On the other hand, if you have to get somewhere: a goal or destination, and it's going to take you years and chapters, and you have specific stops you need to take or ideals you need to have the reader accept and understand -- you need to plan your trip, your story.

Of course I wouldn't think that there are hard-fast demarcations here. Just suppositions I'm proposing as thought bubbles.

Dave Cline said...

This horse deserves a few more lashes...

Writing vs Programming.

There are most definitely aspects of writing which are found in programming, primarily in the realm of planning, organization, the aforementioned refactoring, modularization, and tree type hierarchy.

It is in the actual writing where I believe the two diverge dramatically. Not being a writer per se (yet), I can really only speak to how I find programming to not be like writing I've thus far experienced.

When writing code one needs to be obvious. Overstating is a must. Verbosity is better than terseness. References need to be overt and direct. Better to err on the side of too much explanation and blunt dull names than cryptic signs and clever names and obscure tricks. The single most important task in coding (aside from writing code that first of all -- works) is to write it so anyone can come along (usually yourself in about six months or a year) and immediately understand its intent.

From what little narrative writing I've done so far, this is not how I try to approach it. I try to be clear yes, but never direct. Rather than instruct, I want to gently guide, nudge, infer. In code I would report the intent and the expected outcome. In narrative I would (try at least) to show, hint or present the situation or events and never just explain them. I'd want to nurture the reader into deriving the meaning from the story themselves, rather, as in code, to be told the meaning.
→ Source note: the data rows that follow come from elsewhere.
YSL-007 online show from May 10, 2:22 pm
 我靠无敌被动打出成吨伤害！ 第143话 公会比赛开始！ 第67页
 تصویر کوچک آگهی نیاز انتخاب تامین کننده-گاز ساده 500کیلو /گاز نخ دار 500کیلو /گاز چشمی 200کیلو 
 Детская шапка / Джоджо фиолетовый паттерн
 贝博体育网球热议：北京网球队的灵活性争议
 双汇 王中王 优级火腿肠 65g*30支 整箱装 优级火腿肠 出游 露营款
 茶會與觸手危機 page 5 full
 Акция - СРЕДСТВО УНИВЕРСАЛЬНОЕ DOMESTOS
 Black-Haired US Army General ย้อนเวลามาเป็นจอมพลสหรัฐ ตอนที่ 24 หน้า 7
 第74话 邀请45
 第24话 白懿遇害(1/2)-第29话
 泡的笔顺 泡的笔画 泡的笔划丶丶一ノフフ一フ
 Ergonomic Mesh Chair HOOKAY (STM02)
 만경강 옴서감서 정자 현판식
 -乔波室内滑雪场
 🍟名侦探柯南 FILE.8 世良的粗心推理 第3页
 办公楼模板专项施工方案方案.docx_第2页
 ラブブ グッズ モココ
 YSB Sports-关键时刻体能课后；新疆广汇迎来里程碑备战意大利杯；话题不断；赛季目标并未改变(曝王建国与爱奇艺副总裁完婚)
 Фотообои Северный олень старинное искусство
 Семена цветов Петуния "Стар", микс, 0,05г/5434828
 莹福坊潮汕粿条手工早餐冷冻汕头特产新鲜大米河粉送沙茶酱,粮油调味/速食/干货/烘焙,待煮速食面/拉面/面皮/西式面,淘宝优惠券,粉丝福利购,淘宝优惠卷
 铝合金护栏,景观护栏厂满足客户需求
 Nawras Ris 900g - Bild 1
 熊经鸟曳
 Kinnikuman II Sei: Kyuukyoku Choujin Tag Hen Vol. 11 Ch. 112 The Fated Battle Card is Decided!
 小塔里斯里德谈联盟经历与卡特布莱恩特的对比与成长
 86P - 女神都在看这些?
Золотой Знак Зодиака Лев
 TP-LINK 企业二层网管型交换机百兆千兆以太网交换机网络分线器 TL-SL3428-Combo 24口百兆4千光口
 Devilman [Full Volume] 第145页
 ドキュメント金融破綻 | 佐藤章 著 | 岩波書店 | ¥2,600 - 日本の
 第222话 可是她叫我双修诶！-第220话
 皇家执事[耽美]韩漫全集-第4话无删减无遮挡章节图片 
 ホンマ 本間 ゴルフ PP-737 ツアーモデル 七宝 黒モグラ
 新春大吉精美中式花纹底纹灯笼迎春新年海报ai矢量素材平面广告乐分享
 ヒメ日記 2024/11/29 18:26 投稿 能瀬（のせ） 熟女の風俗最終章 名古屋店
I think that has been my immediate issue when I started writing. I approached it like coding: like a technical specification (of which I've written hundreds).
Wrong-O!

Duncan McGeary said...

Clear writing is good writing. What you have in your head isn't what always ends up on the page, so however you can get it across, that's what you need to do. Vonnegut says: if something needs to be said, say it. (Vonnegut's Rule #8, sorta...)

Clarity of nuance, if you will.

You may think you are being clever, but you may only be obscure. A insight doesn't need to be buried under cleverness.

So many times at writer's group, someone will write a passage that doesn't make sense. "What does that mean?" I ask.

The writer then proceeds to tell me verbally exactly what they mean, and it almost always much better than what they put on the page.

Now--telling people how they should feel is something different. If the actions and words are clear, then they should evoke the emotion you're shooting for. But the showing must be clear.

I also think clever writing is often distracting. The more I write, the more I believe writing is about story, and if the story is good, the clearer you can tell it, the better.

Artistic flourishes come naturally, feel part of the story.

The thing I'm trying to learn now is to eliminate everything that doesn't show character or advance the story. (Vonnegut Rule #4). Straightforward, here is what happened.

Dave Cline said...

A serendipitous moment. Got this from a meetup email today:

"Great short stories and great jokes have a lot in common. Both depend on what communication-theorists sometimes call “exformation,” which is a certain quantity of vital information removed from but evoked by a communication in such a way as to cause a kind of explosion of associative connections within the recipient. – David Foster Wallace "

In code you would want no exformation, nothing implied, everything explicit. I think that's what I was trying to get at.